Das ist natürlich für nächstes Jahr in
keinster Weise besser zu erwarten, sondern wir werden diese jetzt
präliminierten 400 Millionen EUR nächstes Jahr sicher
überschreiten. Es gibt noch keine fixen Prognosen, aber es wird jedenfalls
logischerweise um einiges höher sein, weil die volle Wucht der Wirtschaftskrise
ja jetzt erst im Frühjahr und im 2. Halbjahr begonnen hat.
Was ich Ihnen ganz sicher sagen kann, ist, dass wir sicher nicht mit
Gebührenerhöhungen Geld für die Stadt Wien holen werden, sondern mit dem von
mir vorher genannten Mix aus Rücklagenauflösung, die wie gesagt heuer über
93 Millionen EUR erfolgt ist, mit Effizienzsteigerungen und mit
Fremdmittelaufnahmen, die wir uns ja glücklicherweise leisten können.
Die Stadt Wien hat in den vergangenen Jahren, wie Sie ja alle wissen,
Schulden zurückgezahlt. Wir sind eines der wenigen, wenn nicht sogar das
einzige Bundesland, das seinen Schuldenstand verringert hat in Zeiten der
Hochkonjunktur. Antizyklisch – das vergisst man nämlich oft – heißt nicht nur,
in schwierigen Zeiten Geld auszugeben, antizyklisch heißt auch, in guten Zeiten
Geld anzusparen beziehungsweise Schulden zurückzuzahlen. Das haben wir getan.

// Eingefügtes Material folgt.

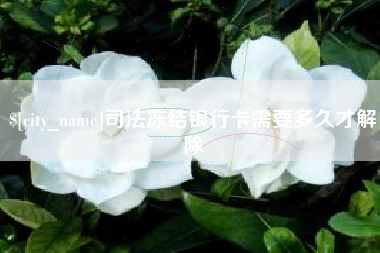 阜阳司法冻结银行卡需要多久才解除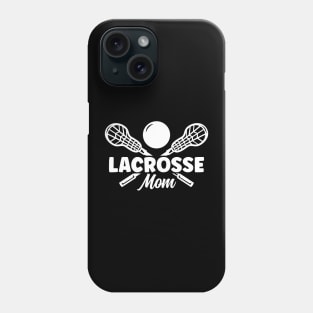 Lacrosse Mom Phone Case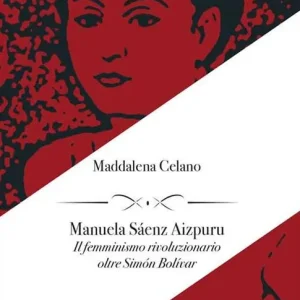 Manuela Sáenz Aizpuru. Il femminismo rivoluzionario oltre Simón Bolívar Solo Oggi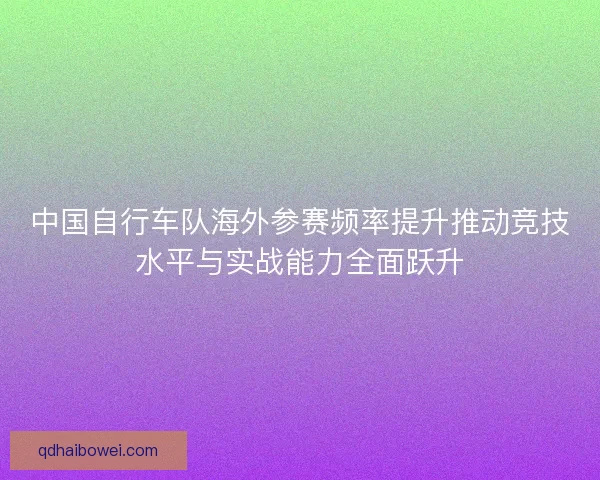 中国自行车队海外参赛频率提升推动竞技水平与实战能力全面跃升 中国自行车队海外参赛频率提升推动竞技水平与实战能力全面跃升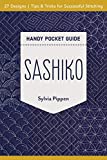 Sashiko Handy Pocket Guide: 27 Designs, Tips & Tricks for Successful Stitching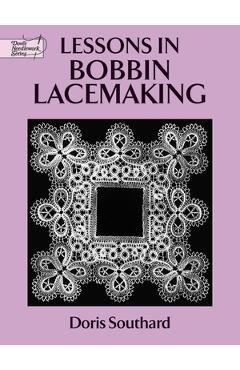 Lessons in Bobbin Lacemaking - Doris Southard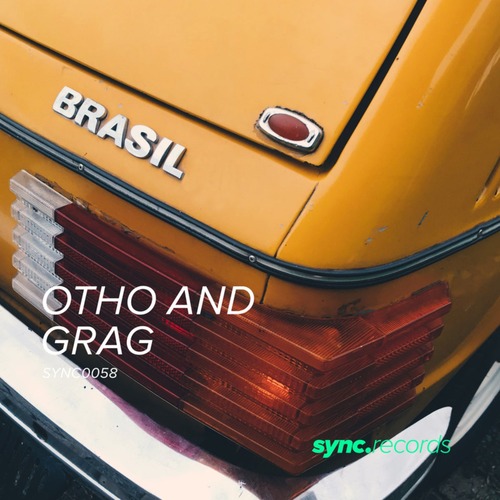 Otho and Grag - Brasil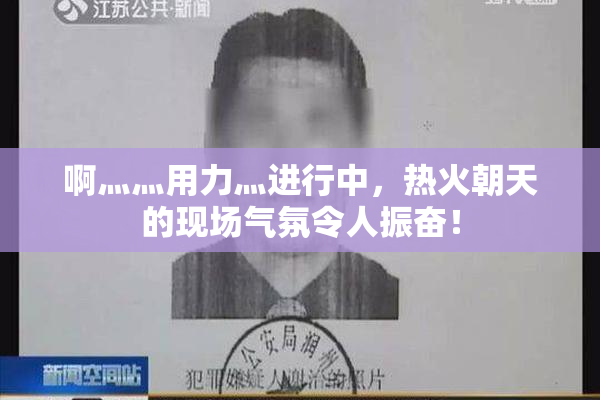 啊灬灬用力灬进行中，热火朝天的现场气氛令人振奋！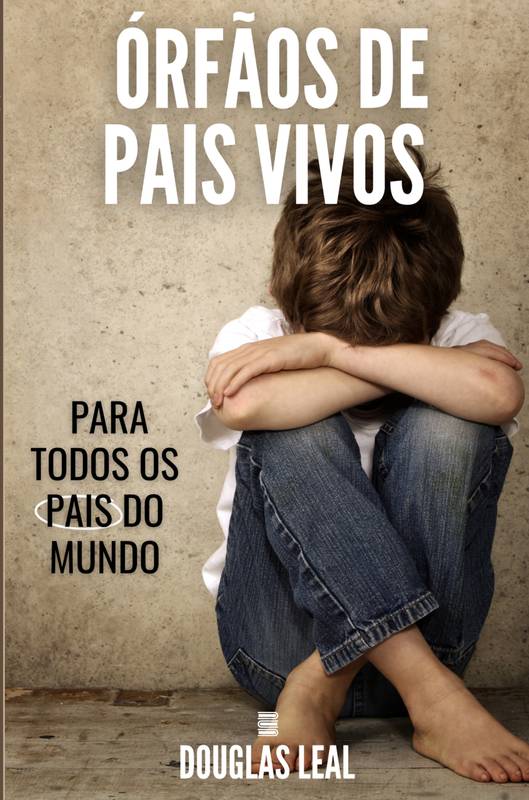 Órfãos de pais vivos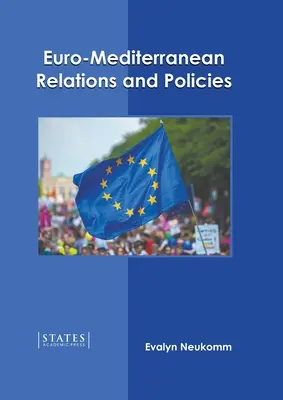 Relazioni e politiche euromediterranee - Euro-Mediterranean Relations and Policies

Deswegen haben wir jetzt die Möglichkeit, Fremdmittel auch zu halbwegs
akzeptablen Bedingungen aufzunehmen.
Wir werden sicher Gebühren nicht erhöhen. Erstens wäre das eine
Belastung der Wienerinnen und Wiener, die gerade in wirtschaftlich schwierigen
Zeiten absolut nicht meiner Linie und meiner politischen Meinungen entspricht.

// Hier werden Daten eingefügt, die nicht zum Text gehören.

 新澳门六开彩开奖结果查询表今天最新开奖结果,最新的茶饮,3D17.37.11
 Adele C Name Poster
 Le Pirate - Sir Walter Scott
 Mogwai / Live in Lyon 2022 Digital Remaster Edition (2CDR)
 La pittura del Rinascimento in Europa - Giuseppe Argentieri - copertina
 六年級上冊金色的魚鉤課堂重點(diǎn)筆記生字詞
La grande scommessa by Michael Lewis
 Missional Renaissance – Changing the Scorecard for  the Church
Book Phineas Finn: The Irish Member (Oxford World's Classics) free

Zum Zweiten wäre es – sage ich als Ökonomin – auch wirtschaftspolitisch falsch,
weil wir wissen, dass ein ganz entscheidendes Element in der Frage der
Krisenbekämpfung eine gute Inlandnachfrage ist, gerade für Wien. Wien ist weit
weniger exportorientiert als viele andere Bundesländer, das heißt, der
Inlandskonsum, der Binnenkonsum ist für uns ganz besonders wichtig. Diesen
sozusagen einzuschränken, indem man Gebühren erhöht, wäre auch
wirtschaftspolitisch falsch.
Das ist auch der Grund, warum ich immer sage: Die Einführung des
Gratiskindergartens ist nicht nur frauenpolitisch, bildungspolitisch,
familienpolitisch und so weiter wichtig, es ist auch wirtschaftspolitisch
wichtig, weil wir den Menschen damit hunderte Euro mehr Geld in die Hand geben,
was auch wirtschaftspolitisch in Zeiten der Wirtschaftskrise wichtig ist, weil
wir damit gerade für die Mittelschicht – die ganz Armen haben ja vorher auch
schon nichts bezahlt – mehr Konsumnachfrage ermöglichen. Also: Keine
Gebührenerhöhungen, da wirtschaftspolitisch falsch, aber auch nicht meinen
gesellschaftspolitischen Vorstellungen entsprechend!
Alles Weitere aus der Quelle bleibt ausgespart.